In 1885 he married Giuditta Pozzi
and his son Francesco was born. The following year he made a portrait
of the mother and son entitled Amor Materno.
In 1889 he went to Paris, where
he resided for several years. From these years date the sculptures:
Sick Man at the Hospital, Sick Child, Bambino al Seno, Laughing Child,
Portrait of Henri Rouart.
In the beginning of the 1890's
he made: Rieuse, Grande Rieuse, Bambino alle Cucine Economiche, Bookmaker,
Reading Man, in which he achieved the dissolution of matter-a concept
that he would develop further through a deep study and practice of photography.
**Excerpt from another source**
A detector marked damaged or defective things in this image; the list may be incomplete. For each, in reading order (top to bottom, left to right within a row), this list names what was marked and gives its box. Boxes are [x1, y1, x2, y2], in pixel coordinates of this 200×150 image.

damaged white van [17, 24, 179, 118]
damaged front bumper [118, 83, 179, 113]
In 1896 he went to London, where
he exhibited with the Pre-Raphaelites. In 1900 he presented some works
at the Universal Paris Exhbition, where he met Etha Fles, who from this
point on was an important presence both artistically and personally.
He exhibited also in Berlin, Leipzig,
and at the Vienna Secession.
In 1904 he took part in the Salon
d'Automne exhibition in the same room as Cezanne's "The Bathers",
also hanging some of his photographs on the wall.
In 1912 Boccioni personally mailed
him a copy of the manifesto of Futurist Sculpture, where he explicitly
addressed Rosso as the only artistic precedent that the Futurists would
acknowledge.
At the beginning of the First
World War he returned to Italy. In 1914 he was invited to participate
at the 9th International Art Exhibition in Venice where he presented
20 works. He was accompanied by his son Francesco. Even after the end
of the war he returned seldomly to Paris. He preferred instead to exhibit
in Milan at the Bottega di Poesia in 1923 and at the Palazzo della Permanente
for the first Show of Italian Art of the 1900s (1926).
His last sculpture was Ecce Puer,
dating 1906, but his work did not stop after this date. His research
to achieve the dissolution of matter still captivated the new generation
of artists.
Due to some photographic plates that
fell on his foot, producing an infection, he died in Milan on March
31st 1928.
His sculptures are preserved in
the most important museums of the world.